## Problem description:
A faithful transcription of all the records is required.

*** Opening of Provided records ***

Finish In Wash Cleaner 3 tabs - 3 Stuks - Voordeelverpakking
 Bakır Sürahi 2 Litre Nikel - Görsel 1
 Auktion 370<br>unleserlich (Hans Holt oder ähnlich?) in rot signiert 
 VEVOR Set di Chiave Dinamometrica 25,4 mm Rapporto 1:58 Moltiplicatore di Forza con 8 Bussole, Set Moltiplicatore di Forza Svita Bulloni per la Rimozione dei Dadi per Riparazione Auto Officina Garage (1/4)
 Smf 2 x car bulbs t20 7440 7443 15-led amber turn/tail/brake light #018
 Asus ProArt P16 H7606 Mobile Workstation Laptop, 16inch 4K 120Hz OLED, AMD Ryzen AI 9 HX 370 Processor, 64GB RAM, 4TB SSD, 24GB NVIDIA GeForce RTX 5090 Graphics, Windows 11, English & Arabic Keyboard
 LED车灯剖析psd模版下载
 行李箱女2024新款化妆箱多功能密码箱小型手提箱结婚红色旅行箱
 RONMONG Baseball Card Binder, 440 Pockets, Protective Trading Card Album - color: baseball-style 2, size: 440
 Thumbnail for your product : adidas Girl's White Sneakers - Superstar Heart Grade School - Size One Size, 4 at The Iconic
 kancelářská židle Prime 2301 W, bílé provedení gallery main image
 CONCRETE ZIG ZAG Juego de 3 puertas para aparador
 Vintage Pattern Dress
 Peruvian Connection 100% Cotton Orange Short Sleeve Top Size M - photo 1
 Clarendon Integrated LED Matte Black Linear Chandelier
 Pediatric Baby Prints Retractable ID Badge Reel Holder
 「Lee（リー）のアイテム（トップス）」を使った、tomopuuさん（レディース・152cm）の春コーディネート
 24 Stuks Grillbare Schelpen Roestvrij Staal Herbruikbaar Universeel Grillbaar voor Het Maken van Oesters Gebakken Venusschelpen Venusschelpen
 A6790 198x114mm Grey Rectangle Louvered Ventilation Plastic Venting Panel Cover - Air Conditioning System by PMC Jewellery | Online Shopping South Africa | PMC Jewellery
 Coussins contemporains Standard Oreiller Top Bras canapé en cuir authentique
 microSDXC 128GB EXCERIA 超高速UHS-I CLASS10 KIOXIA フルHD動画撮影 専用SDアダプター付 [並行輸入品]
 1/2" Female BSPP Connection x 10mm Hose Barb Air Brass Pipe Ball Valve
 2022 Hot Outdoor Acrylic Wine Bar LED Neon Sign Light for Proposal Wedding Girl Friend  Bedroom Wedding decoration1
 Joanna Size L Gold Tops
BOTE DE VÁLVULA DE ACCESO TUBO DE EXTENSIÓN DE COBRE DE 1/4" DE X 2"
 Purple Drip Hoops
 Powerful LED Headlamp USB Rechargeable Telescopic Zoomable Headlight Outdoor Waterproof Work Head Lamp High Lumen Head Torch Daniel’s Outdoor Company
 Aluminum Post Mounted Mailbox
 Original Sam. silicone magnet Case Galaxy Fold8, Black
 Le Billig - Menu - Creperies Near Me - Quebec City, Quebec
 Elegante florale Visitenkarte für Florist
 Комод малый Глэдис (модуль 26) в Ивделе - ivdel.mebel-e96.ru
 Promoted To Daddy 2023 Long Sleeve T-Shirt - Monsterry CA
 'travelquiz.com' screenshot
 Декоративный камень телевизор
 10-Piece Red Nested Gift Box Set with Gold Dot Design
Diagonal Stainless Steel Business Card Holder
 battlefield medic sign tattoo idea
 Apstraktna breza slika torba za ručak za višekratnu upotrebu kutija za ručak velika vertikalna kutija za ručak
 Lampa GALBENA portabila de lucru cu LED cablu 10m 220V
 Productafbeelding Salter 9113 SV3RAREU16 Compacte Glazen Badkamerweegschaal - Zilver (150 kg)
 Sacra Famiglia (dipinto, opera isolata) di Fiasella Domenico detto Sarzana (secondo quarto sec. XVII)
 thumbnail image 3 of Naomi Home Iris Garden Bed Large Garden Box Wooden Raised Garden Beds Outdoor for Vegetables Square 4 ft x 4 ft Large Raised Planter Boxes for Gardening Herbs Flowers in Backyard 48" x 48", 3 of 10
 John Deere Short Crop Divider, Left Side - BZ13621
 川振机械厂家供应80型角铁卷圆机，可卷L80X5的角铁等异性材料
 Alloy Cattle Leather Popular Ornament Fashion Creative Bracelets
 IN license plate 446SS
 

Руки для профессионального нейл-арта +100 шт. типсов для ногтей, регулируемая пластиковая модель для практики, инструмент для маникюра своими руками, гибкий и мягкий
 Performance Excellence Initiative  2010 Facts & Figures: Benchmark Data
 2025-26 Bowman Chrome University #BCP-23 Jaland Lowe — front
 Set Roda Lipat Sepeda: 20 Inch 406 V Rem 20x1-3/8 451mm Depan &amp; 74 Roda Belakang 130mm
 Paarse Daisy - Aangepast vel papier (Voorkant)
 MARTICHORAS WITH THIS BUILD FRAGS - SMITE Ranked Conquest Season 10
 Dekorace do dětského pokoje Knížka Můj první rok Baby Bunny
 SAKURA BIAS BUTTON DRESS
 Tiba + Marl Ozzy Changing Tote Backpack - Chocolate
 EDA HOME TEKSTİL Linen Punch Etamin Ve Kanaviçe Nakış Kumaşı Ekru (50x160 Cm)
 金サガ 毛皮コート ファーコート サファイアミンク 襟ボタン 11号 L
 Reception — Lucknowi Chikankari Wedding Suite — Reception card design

*** Close of Provided records ***

## Response:
Finish In Wash Cleaner 3 tabs - 3 Stuks - Voordeelverpakking
 Bakır Sürahi 2 Litre Nikel - Görsel 1
 Auktion 370<br>unleserlich (Hans Holt oder ähnlich?) in rot signiert 
 VEVOR Set di Chiave Dinamometrica 25,4 mm Rapporto 1:58 Moltiplicatore di Forza con 8 Bussole, Set Moltiplicatore di Forza Svita Bulloni per la Rimozione dei Dadi per Riparazione Auto Officina Garage (1/4)
 Smf 2 x car bulbs t20 7440 7443 15-led amber turn/tail/brake light #018
 Asus ProArt P16 H7606 Mobile Workstation Laptop, 16inch 4K 120Hz OLED, AMD Ryzen AI 9 HX 370 Processor, 64GB RAM, 4TB SSD, 24GB NVIDIA GeForce RTX 5090 Graphics, Windows 11, English & Arabic Keyboard
 LED车灯剖析psd模版下载
 行李箱女2024新款化妆箱多功能密码箱小型手提箱结婚红色旅行箱
 RONMONG Baseball Card Binder, 440 Pockets, Protective Trading Card Album - color: baseball-style 2, size: 440
 Thumbnail for your product : adidas Girl's White Sneakers - Superstar Heart Grade School - Size One Size, 4 at The Iconic
 kancelářská židle Prime 2301 W, bílé provedení gallery main image
 CONCRETE ZIG ZAG Juego de 3 puertas para aparador
 Vintage Pattern Dress
 Peruvian Connection 100% Cotton Orange Short Sleeve Top Size M - photo 1
 Clarendon Integrated LED Matte Black Linear Chandelier
 Pediatric Baby Prints Retractable ID Badge Reel Holder
 「Lee（リー）のアイテム（トップス）」を使った、tomopuuさん（レディース・152cm）の春コーディネート
 24 Stuks Grillbare Schelpen Roestvrij Staal Herbruikbaar Universeel Grillbaar voor Het Maken van Oesters Gebakken Venusschelpen Venusschelpen
 A6790 198x114mm Grey Rectangle Louvered Ventilation Plastic Venting Panel Cover - Air Conditioning System by PMC Jewellery | Online Shopping South Africa | PMC Jewellery
 Coussins contemporains Standard Oreiller Top Bras canapé en cuir authentique
 microSDXC 128GB EXCERIA 超高速UHS-I CLASS10 KIOXIA フルHD動画撮影 専用SDアダプター付 [並行輸入品]
 1/2" Female BSPP Connection x 10mm Hose Barb Air Brass Pipe Ball Valve
 2022 Hot Outdoor Acrylic Wine Bar LED Neon Sign Light for Proposal Wedding Girl Friend  Bedroom Wedding decoration1
 Joanna Size L Gold Tops
BOTE DE VÁLVULA DE ACCESO TUBO DE EXTENSIÓN DE COBRE DE 1/4" DE X 2"
 Purple Drip Hoops
 Powerful LED Headlamp USB Rechargeable Telescopic Zoomable Headlight Outdoor Waterproof Work Head Lamp High Lumen Head Torch Daniel’s Outdoor Company
 Aluminum Post Mounted Mailbox
 Original Sam. silicone magnet Case Galaxy Fold8, Black
 Le Billig - Menu - Creperies Near Me - Quebec City, Quebec
 Elegante florale Visitenkarte für Florist
 Комод малый Глэдис (модуль 26) в Ивделе - ivdel.mebel-e96.ru
 Promoted To Daddy 2023 Long Sleeve T-Shirt - Monsterry CA
 'travelquiz.com' screenshot
 Декоративный камень телевизор
 10-Piece Red Nested Gift Box Set with Gold Dot Design
Diagonal Stainless Steel Business Card Holder
 battlefield medic sign tattoo idea
 Apstraktna breza slika torba za ručak za višekratnu upotrebu kutija za ručak velika vertikalna kutija za ručak
 Lampa GALBENA portabila de lucru cu LED cablu 10m 220V
 Productafbeelding Salter 9113 SV3RAREU16 Compacte Glazen Badkamerweegschaal - Zilver (150 kg)
 Sacra Famiglia (dipinto, opera isolata) di Fiasella Domenico detto Sarzana (secondo quarto sec. XVII)
 thumbnail image 3 of Naomi Home Iris Garden Bed Large Garden Box Wooden Raised Garden Beds Outdoor for Vegetables Square 4 ft x 4 ft Large Raised Planter Boxes for Gardening Herbs Flowers in Backyard 48" x 48", 3 of 10
 John Deere Short Crop Divider, Left Side - BZ13621
 川振机械厂家供应80型角铁卷圆机，可卷L80X5的角铁等异性材料
 Alloy Cattle Leather Popular Ornament Fashion Creative Bracelets
 IN license plate 446SS
 

Руки для профессионального нейл-арта +100 шт. типсов для ногтей, регулируемая пластиковая модель для практики, инструмент для маникюра своими руками, гибкий и мягкий
 Performance Excellence Initiative  2010 Facts & Figures: Benchmark Data
 2025-26 Bowman Chrome University #BCP-23 Jaland Lowe — front
 Set Roda Lipat Sepeda: 20 Inch 406 V Rem 20x1-3/8 451mm Depan &amp; 74 Roda Belakang 130mm
 Paarse Daisy - Aangepast vel papier (Voorkant)
 MARTICHORAS WITH THIS BUILD FRAGS - SMITE Ranked Conquest Season 10
 Dekorace do dětského pokoje Knížka Můj první rok Baby Bunny
 SAKURA BIAS BUTTON DRESS
 Tiba + Marl Ozzy Changing Tote Backpack - Chocolate
 EDA HOME TEKSTİL Linen Punch Etamin Ve Kanaviçe Nakış Kumaşı Ekru (50x160 Cm)
 金サガ 毛皮コート ファーコート サファイアミンク 襟ボタン 11号 L
 Reception — Lucknowi Chikankari Wedding Suite — Reception card design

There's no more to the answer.